Good morning!
I recorded a cracking (long!) audiocast last night with corporate financier, and accomplished investor, Edward Roskill. He's a man worth listening to, as his favourite three share ideas in our Oct 2014 audiocast have since risen 70% (FIF), 150% (QTX), and 180% (TRAK)! We recap on these stocks, and others, and Edward introduces some of his current micro cap share ideas (NB these are highly illiquid, so come with larger than usual wealth warnings).

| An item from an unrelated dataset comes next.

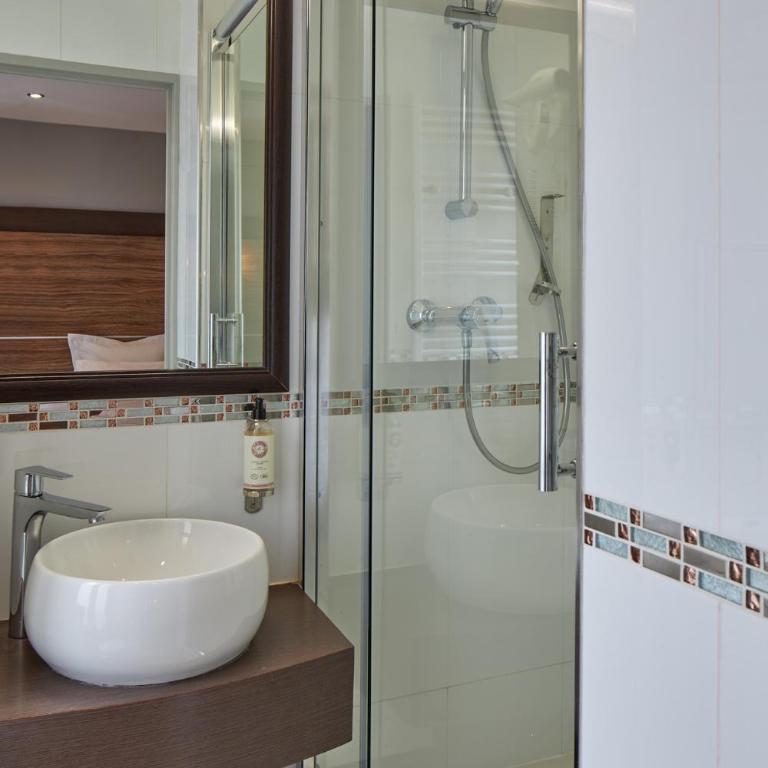 Hotel Apolonia Paris Montmartre; Sure Hotel Collection by Best Western - Chambre Simple Standard - 5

I've started typing up a transcript for deaf followers and anyone else who prefers this format, but please bear with me, as it's a lot of typing, so have only done about a quarter of it so far. It should be complete within a few days, so if interested just bookmark that link & revisit later this week perhaps.
Cloudbuy (LON:CBUY)
Share price: 13.9p (down 26% today)
No. shares: 128.4m
Market cap: £17.8m
NOMAD appointed & shares restored - this is an interesting one. Cloudbuy shares were abruptly suspended on 11 Sep 2015, which I reported on here. The reason was that the NOMAD, Westhouse Securities, resigned with immediate effect, giving no reason. The company only had one month to find a replacement NOMAD, otherwise the shares would have de-listed.

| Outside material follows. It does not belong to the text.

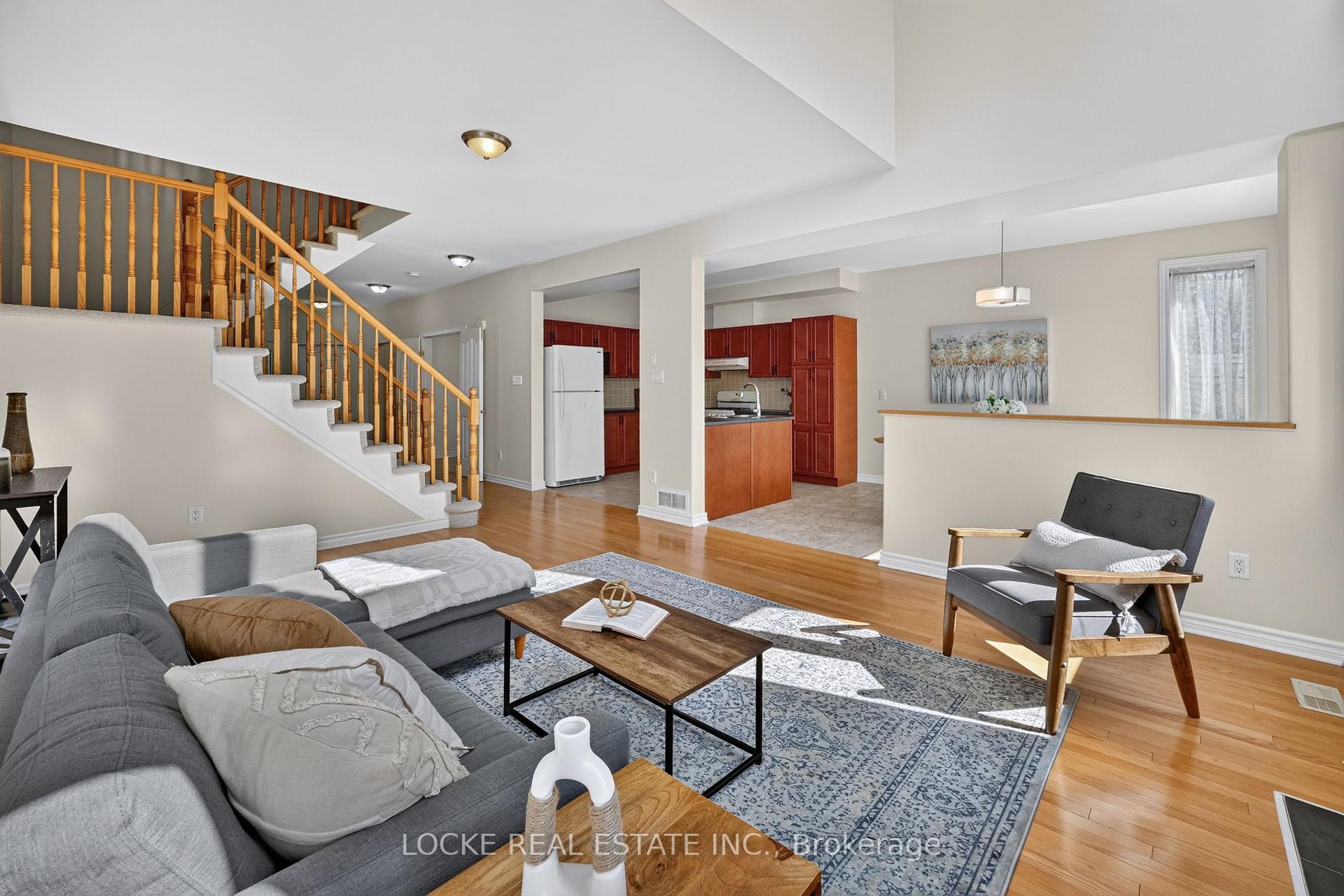 Photo 6 of 658 Everlasting Crescent, Ottawa, Springridge/East Village — HOMEH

So here we are, just six days before Cloudbuy shares would have seen the AIM listing cancelled, the company has managed to find another NOMAD to take them on - Arden Partners.
EFH Director dealing - Ronald Duncan, Cloudbuy's Chairman, was one of several listed company Directors who unwisely got involved in a scandal last year, where Directors purported to take out loans with Equities First Holding LLC (EFH), using shares in their companies as collateral.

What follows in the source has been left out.